Diversamente da quanto riportato dai quotidiani negli ultimi giorni, mercoledì 15 gennaio scorso, il Giudice del Tar Lazio ha semplicemente rigettato la richiesta di sospensione cautelare delle attività dei cantieri della SPV.

Perciò il tribunale non ha pronunciato sentenza circa i ricorsi presentati dai proprietari e dai soggetti anche istituzionali che intendono difendere le aree tutelate ed attraversate dal progetto, ma ha semplicemente ritenuto di respingere l’istanza di sospensione cautelare dei cantieri della SPV, presentata dai ricorrenti.

La situazione allo stato attuale è che il Tar Lazio è in attesa di ricevere  il parere della Corte Costituzionale, per poter poi emettere la sua sentenza, che come si è appreso dall’ordinanza precedentemente comunicata, sembrerebbe a favore dei ricorrenti.

La S.I.S., il consorzio di imprese incaricato di costruire e gestire l’infrastruttura, in questi giorni sta facendo il possibile per ottenere il possesso dei terreni, specialmente tra il km. 38.600 al km. 52.100, ovvero il tratto compreso tra Mussolente e Loria.

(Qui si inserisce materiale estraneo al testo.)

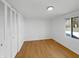 Bright bedroom with hardwood floors, white walls, and a window that provides natural light at 2928 Sheffield Dr, Indianapolis, IN 46229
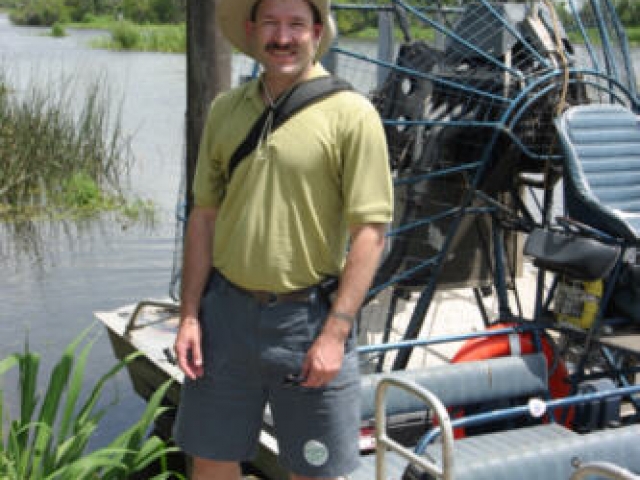 Taking a swamp boat to view alligators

Tanta fretta è dovuta al fatto che S.I.S. vorrebbe in tutti i modi evitare nuovi contenziosi riferiti a questo tratto del progetto, che presenta numerose criticità.

I diversi comitati avversi alla costruzione della Superstrada Pedemontana suggeriscono a chiare lettere che nessun proprietario firmi verbali di accertamento della consistenza dei beni, poiché vi sarebbe nascosto un impegno a cederne il possesso.